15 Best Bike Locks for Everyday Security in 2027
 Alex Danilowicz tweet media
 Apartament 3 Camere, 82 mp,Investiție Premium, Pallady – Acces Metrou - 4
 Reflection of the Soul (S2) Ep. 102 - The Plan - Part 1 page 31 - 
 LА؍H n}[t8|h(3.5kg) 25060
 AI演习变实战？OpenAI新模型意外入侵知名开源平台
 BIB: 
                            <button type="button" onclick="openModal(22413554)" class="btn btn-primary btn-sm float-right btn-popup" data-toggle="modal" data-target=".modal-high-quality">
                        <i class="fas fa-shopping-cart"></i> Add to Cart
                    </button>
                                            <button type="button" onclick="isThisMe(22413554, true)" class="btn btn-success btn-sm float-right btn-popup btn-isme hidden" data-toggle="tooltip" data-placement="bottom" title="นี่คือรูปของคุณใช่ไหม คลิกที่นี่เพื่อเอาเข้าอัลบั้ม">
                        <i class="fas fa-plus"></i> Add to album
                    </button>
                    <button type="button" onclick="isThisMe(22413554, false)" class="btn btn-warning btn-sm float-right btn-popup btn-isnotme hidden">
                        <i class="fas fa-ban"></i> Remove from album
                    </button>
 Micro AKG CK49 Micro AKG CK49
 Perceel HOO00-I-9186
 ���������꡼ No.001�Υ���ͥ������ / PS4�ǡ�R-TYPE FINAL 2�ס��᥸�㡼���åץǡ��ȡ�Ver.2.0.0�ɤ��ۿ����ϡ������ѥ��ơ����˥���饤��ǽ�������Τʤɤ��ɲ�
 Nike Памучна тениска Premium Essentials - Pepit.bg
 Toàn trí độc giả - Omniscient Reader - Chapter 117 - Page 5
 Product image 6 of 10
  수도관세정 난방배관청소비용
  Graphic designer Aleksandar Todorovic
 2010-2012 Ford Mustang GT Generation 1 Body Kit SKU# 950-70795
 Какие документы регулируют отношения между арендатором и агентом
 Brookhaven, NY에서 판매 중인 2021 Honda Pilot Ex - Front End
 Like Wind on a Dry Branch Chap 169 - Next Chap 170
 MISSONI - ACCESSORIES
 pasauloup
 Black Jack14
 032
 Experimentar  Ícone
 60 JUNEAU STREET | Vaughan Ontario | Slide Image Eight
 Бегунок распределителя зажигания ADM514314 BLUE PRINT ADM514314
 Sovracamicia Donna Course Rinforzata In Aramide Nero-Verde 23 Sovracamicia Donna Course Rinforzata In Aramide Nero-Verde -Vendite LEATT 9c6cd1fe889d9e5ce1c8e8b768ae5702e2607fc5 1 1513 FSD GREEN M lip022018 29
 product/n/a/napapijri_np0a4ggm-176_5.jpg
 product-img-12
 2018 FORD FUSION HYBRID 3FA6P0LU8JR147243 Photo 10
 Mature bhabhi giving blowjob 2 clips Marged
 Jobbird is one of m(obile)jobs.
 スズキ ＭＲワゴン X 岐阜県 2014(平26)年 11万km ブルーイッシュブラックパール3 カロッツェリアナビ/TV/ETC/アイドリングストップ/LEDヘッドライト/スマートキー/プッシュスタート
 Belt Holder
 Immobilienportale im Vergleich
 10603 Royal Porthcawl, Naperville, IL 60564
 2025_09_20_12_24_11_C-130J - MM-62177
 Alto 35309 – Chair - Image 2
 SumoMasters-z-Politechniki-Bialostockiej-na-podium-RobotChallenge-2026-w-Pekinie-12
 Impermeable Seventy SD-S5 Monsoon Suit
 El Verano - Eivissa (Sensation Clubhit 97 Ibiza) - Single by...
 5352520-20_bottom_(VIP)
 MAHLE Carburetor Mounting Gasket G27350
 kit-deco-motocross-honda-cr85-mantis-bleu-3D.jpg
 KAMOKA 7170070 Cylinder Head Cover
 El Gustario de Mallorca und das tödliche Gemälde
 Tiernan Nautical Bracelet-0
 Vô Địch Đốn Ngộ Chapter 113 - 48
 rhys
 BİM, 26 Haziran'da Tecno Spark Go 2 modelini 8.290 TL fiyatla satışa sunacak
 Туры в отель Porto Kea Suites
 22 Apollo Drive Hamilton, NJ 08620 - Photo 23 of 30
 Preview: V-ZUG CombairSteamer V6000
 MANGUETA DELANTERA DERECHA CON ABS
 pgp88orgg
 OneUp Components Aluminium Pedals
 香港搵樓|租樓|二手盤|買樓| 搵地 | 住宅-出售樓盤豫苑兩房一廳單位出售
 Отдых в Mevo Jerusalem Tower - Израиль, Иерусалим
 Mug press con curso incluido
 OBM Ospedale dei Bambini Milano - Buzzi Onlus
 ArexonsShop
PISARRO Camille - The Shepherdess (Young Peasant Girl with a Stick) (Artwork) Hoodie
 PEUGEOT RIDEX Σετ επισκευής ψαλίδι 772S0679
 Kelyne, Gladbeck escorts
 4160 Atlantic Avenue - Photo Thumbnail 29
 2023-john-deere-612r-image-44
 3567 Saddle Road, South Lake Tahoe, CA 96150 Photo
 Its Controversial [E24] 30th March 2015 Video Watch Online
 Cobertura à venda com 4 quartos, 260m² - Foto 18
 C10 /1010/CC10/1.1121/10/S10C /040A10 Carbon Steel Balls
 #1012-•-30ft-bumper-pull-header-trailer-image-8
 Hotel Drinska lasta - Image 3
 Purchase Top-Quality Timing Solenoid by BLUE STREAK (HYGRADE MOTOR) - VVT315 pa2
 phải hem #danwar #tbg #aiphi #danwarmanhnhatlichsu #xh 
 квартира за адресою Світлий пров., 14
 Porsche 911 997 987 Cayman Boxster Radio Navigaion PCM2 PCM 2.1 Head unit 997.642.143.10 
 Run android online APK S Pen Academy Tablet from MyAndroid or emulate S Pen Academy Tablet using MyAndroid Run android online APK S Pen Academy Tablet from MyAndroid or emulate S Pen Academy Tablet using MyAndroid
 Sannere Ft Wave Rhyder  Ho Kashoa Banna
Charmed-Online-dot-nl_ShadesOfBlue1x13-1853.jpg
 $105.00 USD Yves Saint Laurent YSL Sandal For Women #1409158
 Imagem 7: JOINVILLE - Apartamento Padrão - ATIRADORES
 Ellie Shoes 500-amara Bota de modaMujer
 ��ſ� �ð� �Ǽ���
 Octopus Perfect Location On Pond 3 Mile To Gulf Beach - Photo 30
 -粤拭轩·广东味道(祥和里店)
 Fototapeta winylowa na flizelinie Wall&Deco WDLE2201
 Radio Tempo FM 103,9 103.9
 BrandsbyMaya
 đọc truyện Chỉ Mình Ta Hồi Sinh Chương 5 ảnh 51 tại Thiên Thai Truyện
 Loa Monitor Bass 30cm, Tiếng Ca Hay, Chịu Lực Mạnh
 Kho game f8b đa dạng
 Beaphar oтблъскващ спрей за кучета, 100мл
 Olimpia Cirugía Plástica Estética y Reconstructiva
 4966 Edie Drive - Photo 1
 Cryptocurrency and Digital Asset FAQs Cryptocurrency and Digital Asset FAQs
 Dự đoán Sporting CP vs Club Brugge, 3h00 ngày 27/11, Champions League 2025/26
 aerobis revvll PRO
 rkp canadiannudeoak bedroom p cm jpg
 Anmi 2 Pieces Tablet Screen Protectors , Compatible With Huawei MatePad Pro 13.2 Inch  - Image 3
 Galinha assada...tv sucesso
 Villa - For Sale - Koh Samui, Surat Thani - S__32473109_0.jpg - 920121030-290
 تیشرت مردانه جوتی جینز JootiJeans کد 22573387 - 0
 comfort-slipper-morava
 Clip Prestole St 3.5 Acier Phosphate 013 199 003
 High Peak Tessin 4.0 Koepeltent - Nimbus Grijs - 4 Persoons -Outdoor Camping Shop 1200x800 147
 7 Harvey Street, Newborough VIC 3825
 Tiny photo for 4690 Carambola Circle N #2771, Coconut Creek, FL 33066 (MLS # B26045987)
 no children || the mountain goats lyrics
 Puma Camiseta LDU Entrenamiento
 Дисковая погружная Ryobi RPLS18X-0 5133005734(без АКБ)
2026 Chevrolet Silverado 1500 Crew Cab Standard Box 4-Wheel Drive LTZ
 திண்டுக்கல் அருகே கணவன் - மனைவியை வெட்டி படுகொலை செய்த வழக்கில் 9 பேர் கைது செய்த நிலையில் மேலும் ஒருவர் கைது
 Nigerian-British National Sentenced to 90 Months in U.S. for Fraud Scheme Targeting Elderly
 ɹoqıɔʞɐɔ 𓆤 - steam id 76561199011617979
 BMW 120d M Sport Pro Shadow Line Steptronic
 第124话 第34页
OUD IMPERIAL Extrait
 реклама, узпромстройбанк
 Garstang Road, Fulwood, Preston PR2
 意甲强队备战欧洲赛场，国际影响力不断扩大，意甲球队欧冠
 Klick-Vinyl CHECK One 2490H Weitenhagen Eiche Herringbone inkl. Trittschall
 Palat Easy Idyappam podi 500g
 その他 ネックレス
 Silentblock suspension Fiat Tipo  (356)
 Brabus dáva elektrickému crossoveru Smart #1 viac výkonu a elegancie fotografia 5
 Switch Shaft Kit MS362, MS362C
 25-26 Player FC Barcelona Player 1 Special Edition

◆ **WHAT YOU SHOULD DO**:
All that should be written out is the stretch of lines above between the one holding "Loa Monitor Bass" and the one holding "4966 Edie Drive - Photo 1", inclusive, exactly as given.

◆ **ANSWER TO THE EXERCISE**:
 Loa Monitor Bass 30cm, Tiếng Ca Hay, Chịu Lực Mạnh
 Kho game f8b đa dạng
 Beaphar oтблъскващ спрей за кучета, 100мл
 Olimpia Cirugía Plástica Estética y Reconstructiva
 4966 Edie Drive - Photo 1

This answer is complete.